Exercise instructions: The line containing "Hot Water Useful In Eliminating Tea" marks the start. Restate it and every following line through the end of the records exactly, and nothing else, leaving out the pictures.

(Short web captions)
↓↓↓
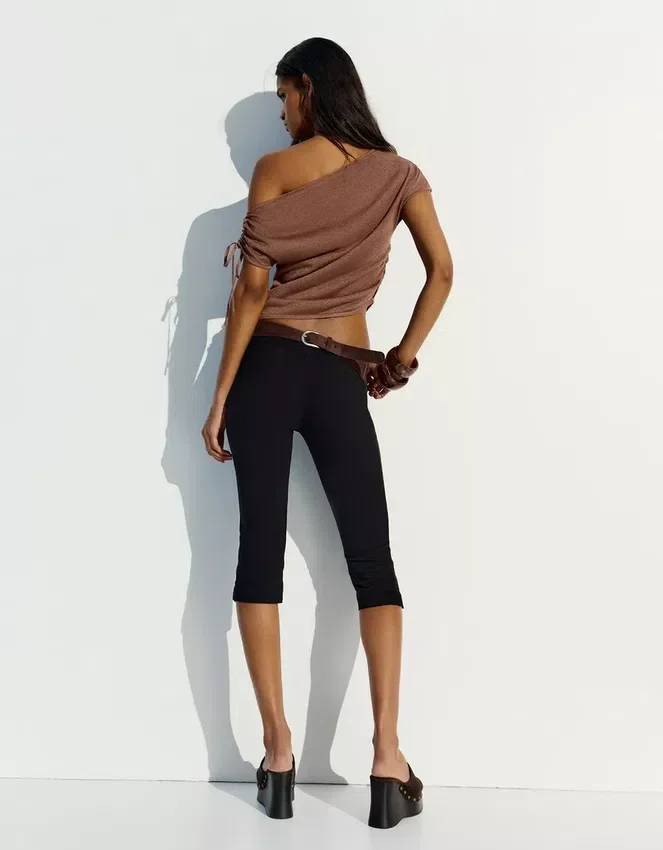 Asymmetrisches T-Shirt – Tops und Bodys Asymmetrisches T-Shirt – Tops und Bodys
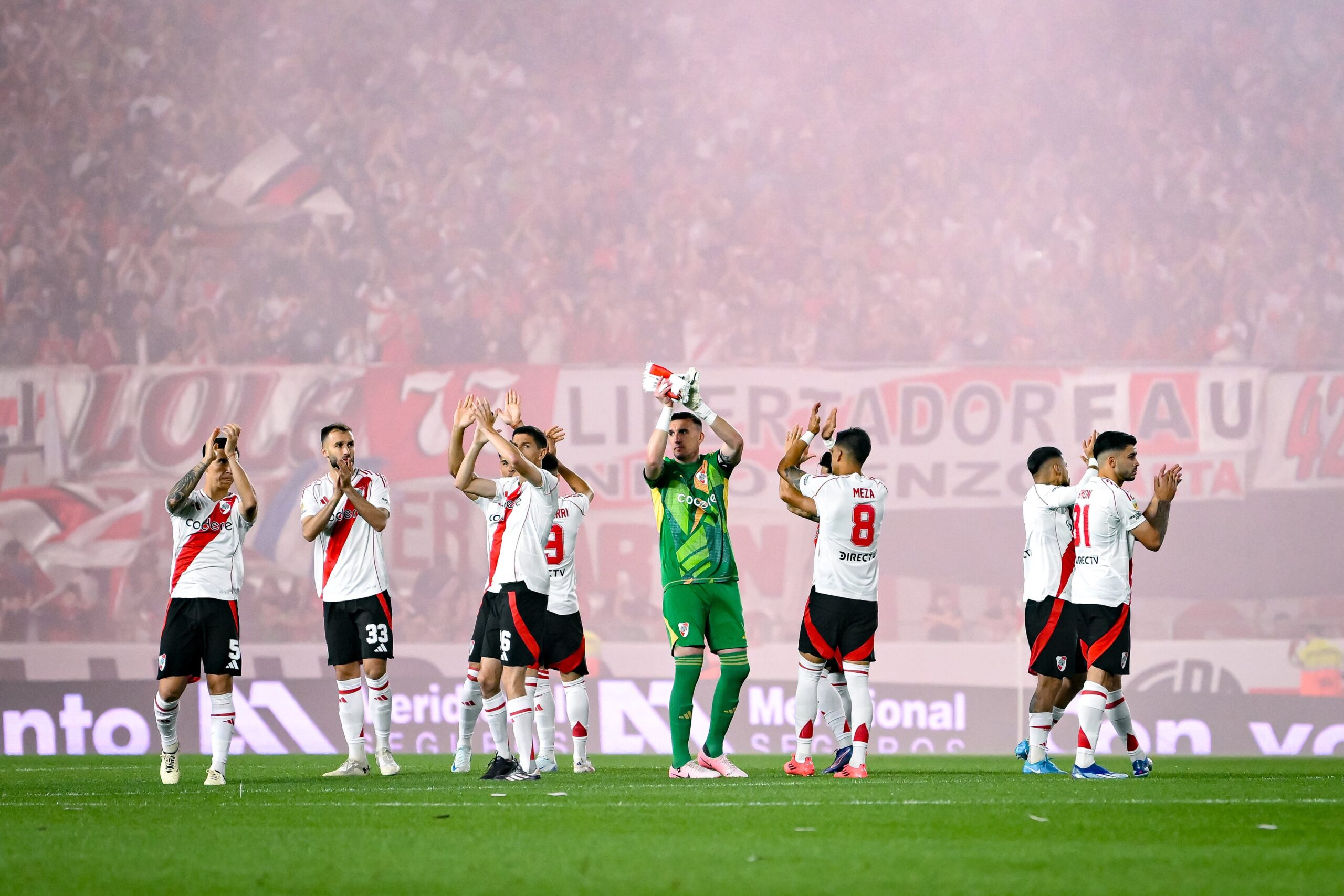 Fútbol: Tras el golpe en Paraguay, River recibe a Atlético Tucumán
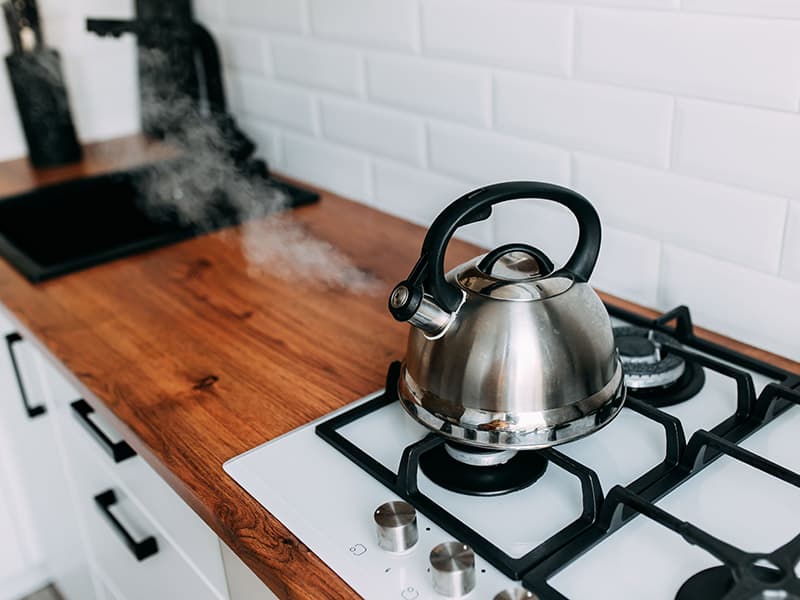 Hot Water Useful In Eliminating Tea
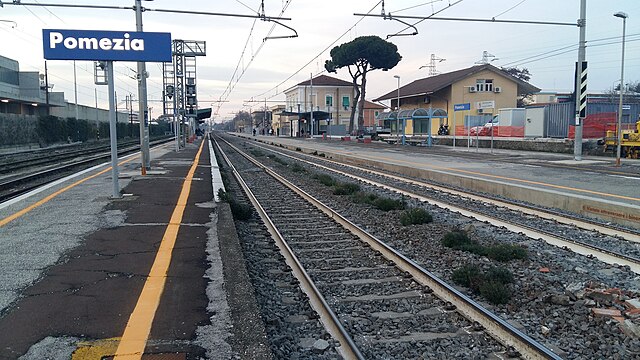 Uno scorcio della stazione ferroviaria Pomezia-Santa Palomba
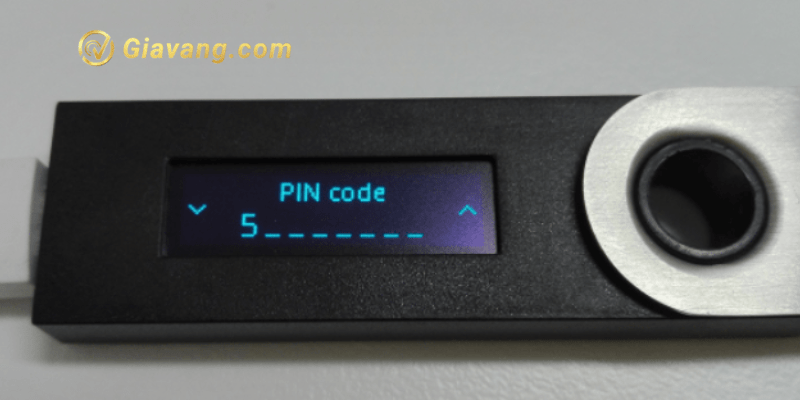 Thiết lập mã Pin cho ví Ledger Nano S.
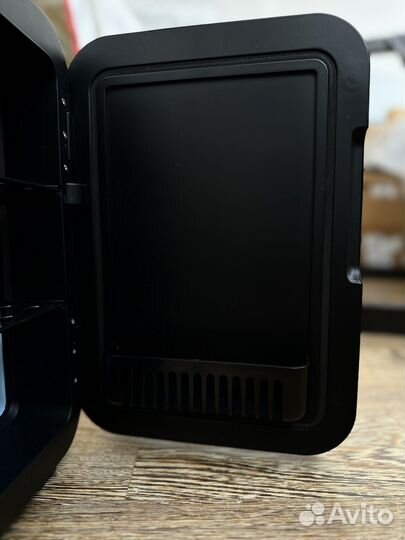 Холодильник для косметики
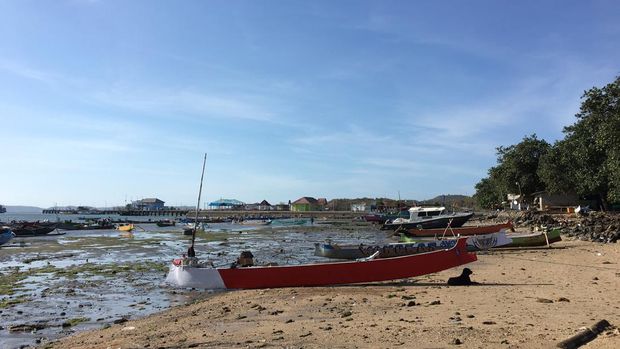 Suasana Pantai Teluk Awang di Lombok Tengah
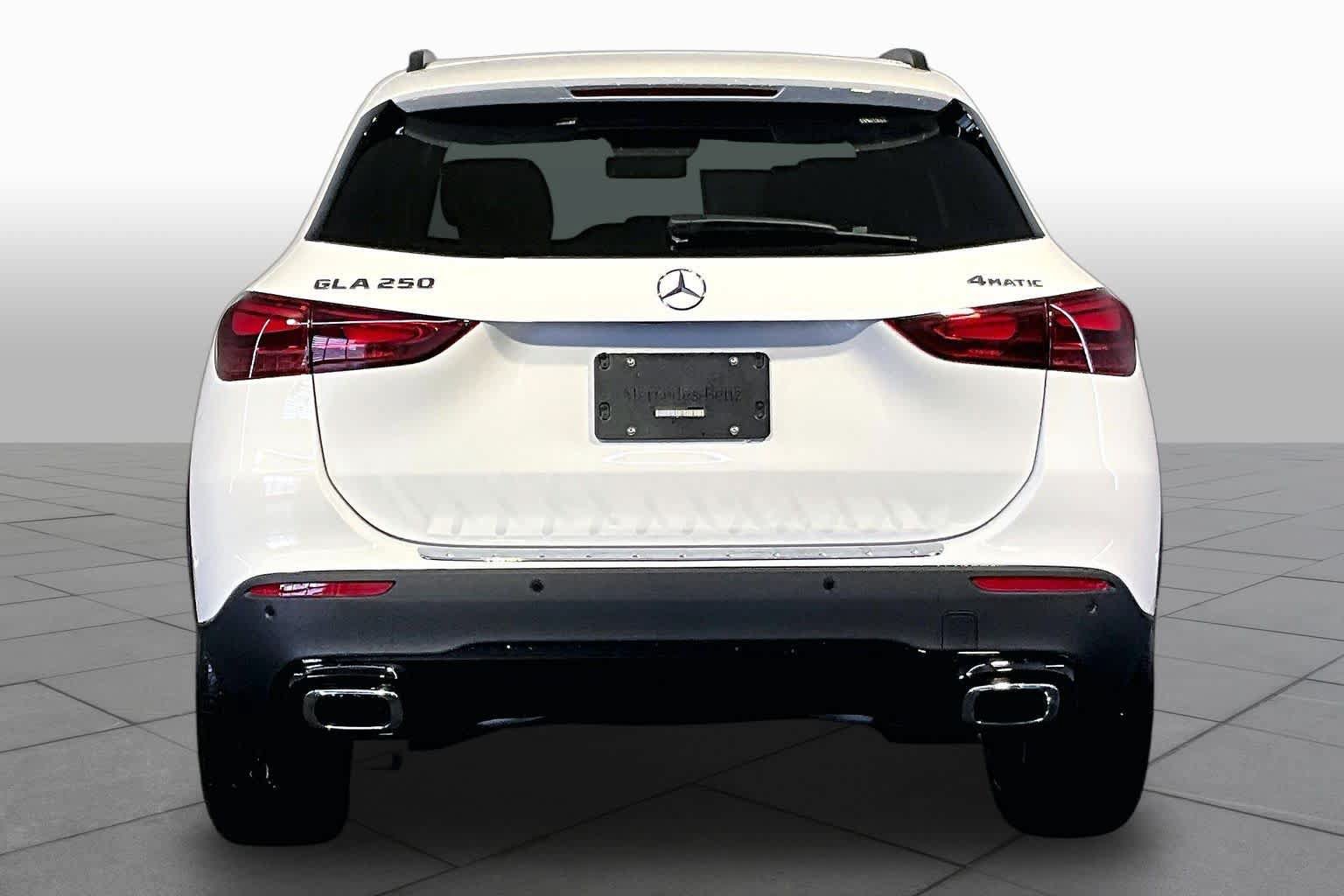 New 2026 Mercedes-Benz GLA 250 4MATIC image 4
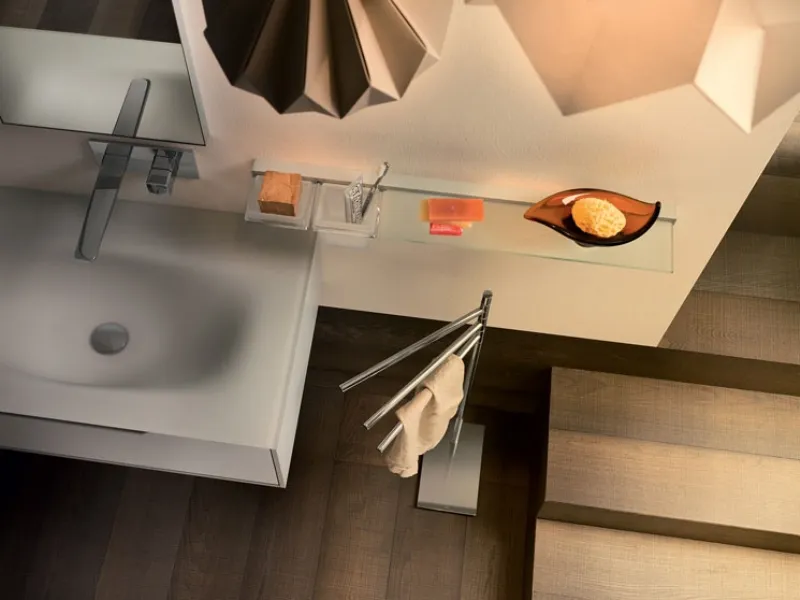 Piantane accessoriate da bagno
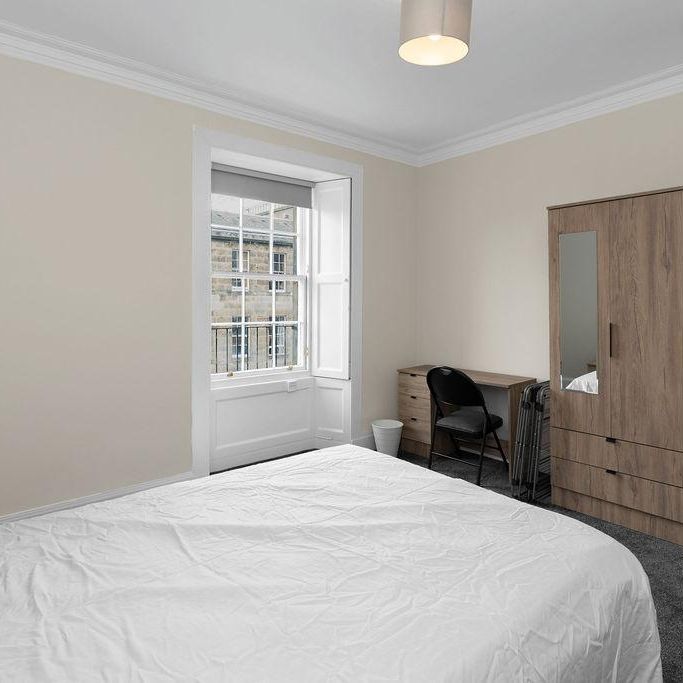 4 bedroom flat to rent - Photo 1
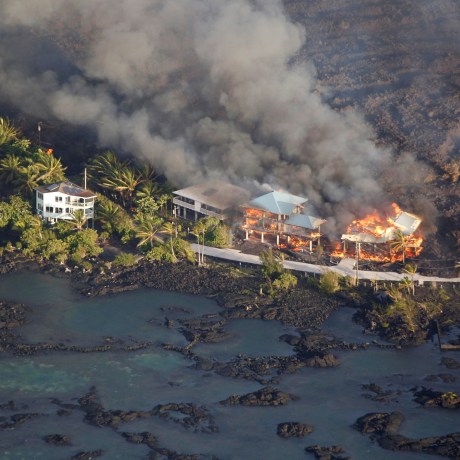 Image: Lava destroys homes in the Kapoho area, east of Pahoa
↑↑↑
Answer box:
 Hot Water Useful In Eliminating Tea
 Uno scorcio della stazione ferroviaria Pomezia-Santa Palomba
 Thiết lập mã Pin cho ví Ledger Nano S.
 Холодильник для косметики
 Suasana Pantai Teluk Awang di Lombok Tengah
 New 2026 Mercedes-Benz GLA 250 4MATIC image 4
 Piantane accessoriate da bagno
 4 bedroom flat to rent - Photo 1
 Image: Lava destroys homes in the Kapoho area, east of Pahoa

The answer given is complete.